I'm sorry but CrowdStrike's "technical details" post is well below the expected standard in our field. What kind of logic error was it? More importantly, what was your QA process like? Why did CI not catch it? Why was there not a staged rollout? These are the absolute basics that should be expected.

https://www.crowdstrike.com/blog/falcon-update-for-windows-hosts-technical-details/

Technical Details: Falcon Update for Windows Hosts | CrowdStrike

Learn more about the technical details around the Falcon update for Windows hosts.

crowdstrike.com
This is absolutely not a post that inspires confidence or trust. CISOs who have signed contracts with CrowdStrike should pay close attention to this post.
For what I think is a set of details that meets this standard, this from Meta/Facebook (my former workplace) is a good example: https://engineering.fb.com/2021/10/05/networking-traffic/outage-details/
More details about the October 4 outage

Now that our platforms are up and running as usual after yesterday’s outage, I thought it would be worth sharing a little more detail on what happened and why — and most importantly, how we’re lear…

Engineering at Meta
"Systems that are not currently impacted will [...] have no risk of experiencing this event in the future." -- this is infuriating.

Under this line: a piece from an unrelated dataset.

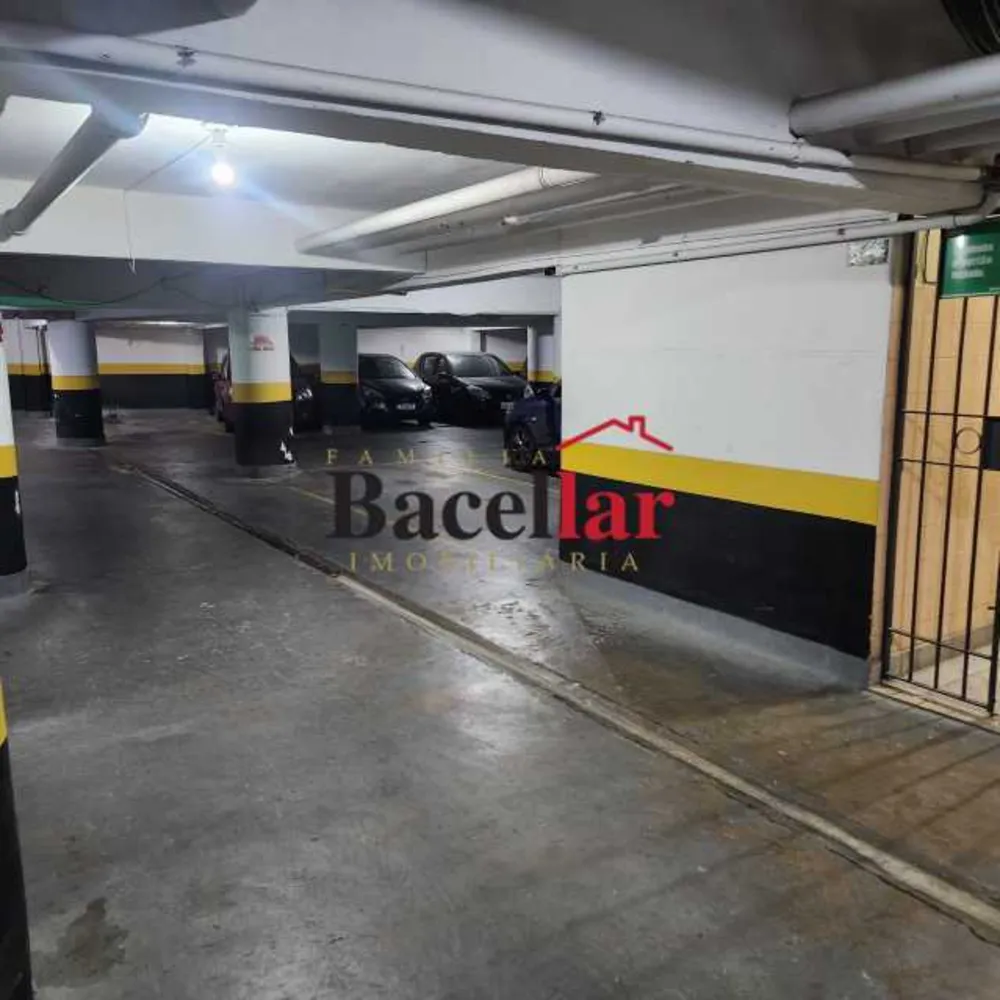 Apartamento, 3 quartos, 114 m² - Foto 9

How can you possibly say "no risk"? What kind of systemic protections could you possibly put into place within 2 days?

The Meta post is great. It was for an outage not nearly as bad as this, and doesn't even go too deep into the details, but:

it resolves most of the questions someone knowledgeable would ask

it talks about systemic improvements (the "storm" drills talked about were incredibly important and made many great improvements happen)

and it is personally signed by a VP of infrastructure, rather than just "Executive Viewpoint"

I guess CS does say at the end that they're committed to publishing a followup with more detail, but (a) I think this is too little detail even in an interim post, and (b) please don't call this kind of post "technical details". But anyway, I guess we should hold them accountable for their promise

you know what really annoyed me?

they never said they were sorry

@rain

cop mindset, innit, tho? Since they're 'protecting' you, any harms done are the cost of that 'protection'.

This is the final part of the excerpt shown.